All these are dream cars for most!! Probably the top 1% of Americans. Why not do an article on cars people can afford, so we know what to buy if we are looking for a top of the line (not a cheap plastic built interior junker) long lasting high-end sports car.
I don't think these car dealers get it. They charge as much as a house in some cases if not more for a vehicle. The banks will only loan money on most vehicle up to 60 months. By that time most cars are falling apart. Show me a car the is quality built, guaranted to last. Meaning the dealer isn't afraid to finance at a longer period themselves at an attractive interest rate and not a scandal or rip-off. I bet people would enjoy paying more and longer for something that is quaranteed to last, quality built, and a company that will stay in business long enough to back the parts and labor warranty that goes with it. The American Dream Car. U buy it and can pass it down to your children whom would love to have it when your gone kind of car!! Auto manufactures need to quit thinking short term profits and look at long term customers whom buy from them for generations.
Annatar,
Go cry somewhere else. If you don't like it, don't drive the damn car!! Besides, have you driven any of these? My guesss is no. Well, I had an opportunity to drive an Alpina V8 Roadster (based on the BMW Z8), and you know what? It was a FANTASTIC car, despite having an automatic. Unlike you, I don't just write off a car based on what transmission it has, especially if I haven't driven that car.
Got to admit, the RUF just sits there screaming HEY COP..TRY THIS !!

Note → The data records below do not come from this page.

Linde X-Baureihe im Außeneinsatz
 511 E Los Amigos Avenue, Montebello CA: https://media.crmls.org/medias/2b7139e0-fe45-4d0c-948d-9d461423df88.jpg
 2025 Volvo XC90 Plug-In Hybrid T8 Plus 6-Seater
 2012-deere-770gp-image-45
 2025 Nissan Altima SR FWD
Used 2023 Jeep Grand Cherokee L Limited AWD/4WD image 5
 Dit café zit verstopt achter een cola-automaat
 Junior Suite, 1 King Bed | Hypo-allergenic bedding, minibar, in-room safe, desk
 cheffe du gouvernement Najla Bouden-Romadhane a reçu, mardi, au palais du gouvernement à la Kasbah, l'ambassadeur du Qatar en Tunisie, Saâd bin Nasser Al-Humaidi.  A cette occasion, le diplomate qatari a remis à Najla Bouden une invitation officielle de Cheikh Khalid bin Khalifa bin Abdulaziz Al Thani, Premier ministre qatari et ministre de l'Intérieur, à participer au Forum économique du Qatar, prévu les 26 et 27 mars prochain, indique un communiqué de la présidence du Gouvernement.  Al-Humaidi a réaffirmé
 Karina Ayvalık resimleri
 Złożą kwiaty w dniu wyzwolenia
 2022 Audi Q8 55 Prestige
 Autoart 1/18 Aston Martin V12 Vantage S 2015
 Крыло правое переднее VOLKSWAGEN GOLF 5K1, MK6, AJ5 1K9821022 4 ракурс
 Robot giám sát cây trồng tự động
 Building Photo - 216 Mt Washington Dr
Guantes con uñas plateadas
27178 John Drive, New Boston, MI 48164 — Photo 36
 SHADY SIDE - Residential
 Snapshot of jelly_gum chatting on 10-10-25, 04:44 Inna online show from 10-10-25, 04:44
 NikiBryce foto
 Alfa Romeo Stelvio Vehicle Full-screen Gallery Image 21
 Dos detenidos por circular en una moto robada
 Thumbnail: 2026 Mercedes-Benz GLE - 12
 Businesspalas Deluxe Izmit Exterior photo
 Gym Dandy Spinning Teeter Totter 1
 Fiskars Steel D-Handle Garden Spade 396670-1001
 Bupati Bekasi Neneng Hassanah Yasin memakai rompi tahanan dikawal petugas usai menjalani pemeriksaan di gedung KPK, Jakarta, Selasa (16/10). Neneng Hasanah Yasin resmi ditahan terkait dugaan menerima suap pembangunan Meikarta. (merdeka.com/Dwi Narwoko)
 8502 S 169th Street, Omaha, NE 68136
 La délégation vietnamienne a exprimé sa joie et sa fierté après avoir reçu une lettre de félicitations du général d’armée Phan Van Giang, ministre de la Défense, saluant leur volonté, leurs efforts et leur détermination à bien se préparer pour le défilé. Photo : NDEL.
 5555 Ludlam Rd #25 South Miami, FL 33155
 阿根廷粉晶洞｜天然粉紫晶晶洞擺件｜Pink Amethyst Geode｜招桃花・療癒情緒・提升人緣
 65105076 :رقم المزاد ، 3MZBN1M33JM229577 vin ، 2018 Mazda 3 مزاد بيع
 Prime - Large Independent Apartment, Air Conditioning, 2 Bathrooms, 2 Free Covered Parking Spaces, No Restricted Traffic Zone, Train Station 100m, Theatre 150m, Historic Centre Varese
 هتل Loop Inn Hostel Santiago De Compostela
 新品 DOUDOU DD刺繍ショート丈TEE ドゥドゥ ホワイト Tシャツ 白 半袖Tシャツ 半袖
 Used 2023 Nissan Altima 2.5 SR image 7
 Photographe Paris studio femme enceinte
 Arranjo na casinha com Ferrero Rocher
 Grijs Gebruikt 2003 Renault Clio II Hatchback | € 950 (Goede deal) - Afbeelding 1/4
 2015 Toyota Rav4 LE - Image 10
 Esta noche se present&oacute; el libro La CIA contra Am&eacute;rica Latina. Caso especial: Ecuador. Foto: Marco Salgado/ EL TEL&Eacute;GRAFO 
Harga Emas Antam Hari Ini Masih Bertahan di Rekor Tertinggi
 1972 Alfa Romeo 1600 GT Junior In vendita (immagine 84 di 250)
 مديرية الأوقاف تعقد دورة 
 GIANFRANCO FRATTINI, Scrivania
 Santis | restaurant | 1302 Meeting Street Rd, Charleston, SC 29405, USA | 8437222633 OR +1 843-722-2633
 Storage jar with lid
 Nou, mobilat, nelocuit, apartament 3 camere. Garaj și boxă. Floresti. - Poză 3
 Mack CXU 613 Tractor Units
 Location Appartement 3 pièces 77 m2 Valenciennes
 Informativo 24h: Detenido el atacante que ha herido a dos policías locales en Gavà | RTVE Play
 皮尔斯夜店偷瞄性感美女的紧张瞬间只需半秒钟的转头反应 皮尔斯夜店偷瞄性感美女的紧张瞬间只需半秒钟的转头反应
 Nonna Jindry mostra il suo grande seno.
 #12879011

Now in traditional Porsche silver, or a decent medium blue metallic, I think it would be livable.
Correction, I KNOW it would be livable. Or perhaps a nice off-white ivory color.
I know I'd get too much attention from the cops anyhow, but it would be great fun until the paperwork from the DMV caught up with me. If I did it right, I might actually get to drive a month before they cuffed & stuffed me !
And agree, a car that's supposed to be fun needs a manual trans. Automatics are for true luxury rides (a Rolls would be absurd with a stick) or for the drag strip. A drag setup auto does shift faster than a manual, no matter how skilled the operator. But then too, a drag car can be driven by a CHIMP !!